→ Task brief:
Repeat every entry below exactly.
+++
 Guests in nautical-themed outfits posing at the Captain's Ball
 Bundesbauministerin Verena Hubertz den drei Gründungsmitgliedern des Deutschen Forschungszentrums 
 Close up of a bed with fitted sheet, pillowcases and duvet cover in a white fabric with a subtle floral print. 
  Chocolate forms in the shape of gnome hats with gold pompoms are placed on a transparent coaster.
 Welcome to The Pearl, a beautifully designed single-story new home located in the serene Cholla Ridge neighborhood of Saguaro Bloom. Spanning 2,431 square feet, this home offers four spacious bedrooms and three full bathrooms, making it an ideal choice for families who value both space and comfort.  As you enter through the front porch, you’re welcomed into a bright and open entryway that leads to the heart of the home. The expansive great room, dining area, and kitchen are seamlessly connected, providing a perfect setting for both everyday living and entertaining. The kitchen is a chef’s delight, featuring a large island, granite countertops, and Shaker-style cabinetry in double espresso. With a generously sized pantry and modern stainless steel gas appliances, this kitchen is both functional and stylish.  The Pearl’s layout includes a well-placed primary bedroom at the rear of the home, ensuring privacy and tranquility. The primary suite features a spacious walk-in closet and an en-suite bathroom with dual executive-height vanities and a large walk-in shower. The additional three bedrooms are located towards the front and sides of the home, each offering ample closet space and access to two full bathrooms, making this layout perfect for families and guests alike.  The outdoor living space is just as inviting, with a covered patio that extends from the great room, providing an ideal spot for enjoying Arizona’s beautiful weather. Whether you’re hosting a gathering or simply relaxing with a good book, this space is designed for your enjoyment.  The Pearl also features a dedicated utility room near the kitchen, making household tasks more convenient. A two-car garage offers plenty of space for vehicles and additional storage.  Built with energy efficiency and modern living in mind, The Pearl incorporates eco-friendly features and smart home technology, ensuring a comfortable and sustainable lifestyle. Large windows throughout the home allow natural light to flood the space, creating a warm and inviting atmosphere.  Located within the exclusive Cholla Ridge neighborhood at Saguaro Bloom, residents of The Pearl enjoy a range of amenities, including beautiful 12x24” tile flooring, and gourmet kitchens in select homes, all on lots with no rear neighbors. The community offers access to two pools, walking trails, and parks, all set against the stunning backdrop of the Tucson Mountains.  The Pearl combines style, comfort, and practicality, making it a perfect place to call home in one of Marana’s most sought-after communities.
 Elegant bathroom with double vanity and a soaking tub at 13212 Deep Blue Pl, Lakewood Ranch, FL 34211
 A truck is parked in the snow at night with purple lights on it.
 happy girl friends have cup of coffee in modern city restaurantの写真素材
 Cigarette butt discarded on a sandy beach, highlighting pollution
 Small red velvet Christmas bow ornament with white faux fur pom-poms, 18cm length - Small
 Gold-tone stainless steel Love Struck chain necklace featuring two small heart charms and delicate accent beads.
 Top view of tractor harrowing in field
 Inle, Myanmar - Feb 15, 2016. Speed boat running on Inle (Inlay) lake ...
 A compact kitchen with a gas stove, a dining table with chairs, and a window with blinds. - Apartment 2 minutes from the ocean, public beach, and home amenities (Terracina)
+++
→ Exercise response:
 Guests in nautical-themed outfits posing at the Captain's Ball
 Bundesbauministerin Verena Hubertz den drei Gründungsmitgliedern des Deutschen Forschungszentrums 
 Close up of a bed with fitted sheet, pillowcases and duvet cover in a white fabric with a subtle floral print. 
  Chocolate forms in the shape of gnome hats with gold pompoms are placed on a transparent coaster.
 Welcome to The Pearl, a beautifully designed single-story new home located in the serene Cholla Ridge neighborhood of Saguaro Bloom. Spanning 2,431 square feet, this home offers four spacious bedrooms and three full bathrooms, making it an ideal choice for families who value both space and comfort.  As you enter through the front porch, you’re welcomed into a bright and open entryway that leads to the heart of the home. The expansive great room, dining area, and kitchen are seamlessly connected, providing a perfect setting for both everyday living and entertaining. The kitchen is a chef’s delight, featuring a large island, granite countertops, and Shaker-style cabinetry in double espresso. With a generously sized pantry and modern stainless steel gas appliances, this kitchen is both functional and stylish.  The Pearl’s layout includes a well-placed primary bedroom at the rear of the home, ensuring privacy and tranquility. The primary suite features a spacious walk-in closet and an en-suite bathroom with dual executive-height vanities and a large walk-in shower. The additional three bedrooms are located towards the front and sides of the home, each offering ample closet space and access to two full bathrooms, making this layout perfect for families and guests alike.  The outdoor living space is just as inviting, with a covered patio that extends from the great room, providing an ideal spot for enjoying Arizona’s beautiful weather. Whether you’re hosting a gathering or simply relaxing with a good book, this space is designed for your enjoyment.  The Pearl also features a dedicated utility room near the kitchen, making household tasks more convenient. A two-car garage offers plenty of space for vehicles and additional storage.  Built with energy efficiency and modern living in mind, The Pearl incorporates eco-friendly features and smart home technology, ensuring a comfortable and sustainable lifestyle. Large windows throughout the home allow natural light to flood the space, creating a warm and inviting atmosphere.  Located within the exclusive Cholla Ridge neighborhood at Saguaro Bloom, residents of The Pearl enjoy a range of amenities, including beautiful 12x24” tile flooring, and gourmet kitchens in select homes, all on lots with no rear neighbors. The community offers access to two pools, walking trails, and parks, all set against the stunning backdrop of the Tucson Mountains.  The Pearl combines style, comfort, and practicality, making it a perfect place to call home in one of Marana’s most sought-after communities.
 Elegant bathroom with double vanity and a soaking tub at 13212 Deep Blue Pl, Lakewood Ranch, FL 34211
 A truck is parked in the snow at night with purple lights on it.
 happy girl friends have cup of coffee in modern city restaurantの写真素材
 Cigarette butt discarded on a sandy beach, highlighting pollution
 Small red velvet Christmas bow ornament with white faux fur pom-poms, 18cm length - Small
 Gold-tone stainless steel Love Struck chain necklace featuring two small heart charms and delicate accent beads.
 Top view of tractor harrowing in field
 Inle, Myanmar - Feb 15, 2016. Speed boat running on Inle (Inlay) lake ...
 A compact kitchen with a gas stove, a dining table with chairs, and a window with blinds. - Apartment 2 minutes from the ocean, public beach, and home amenities (Terracina)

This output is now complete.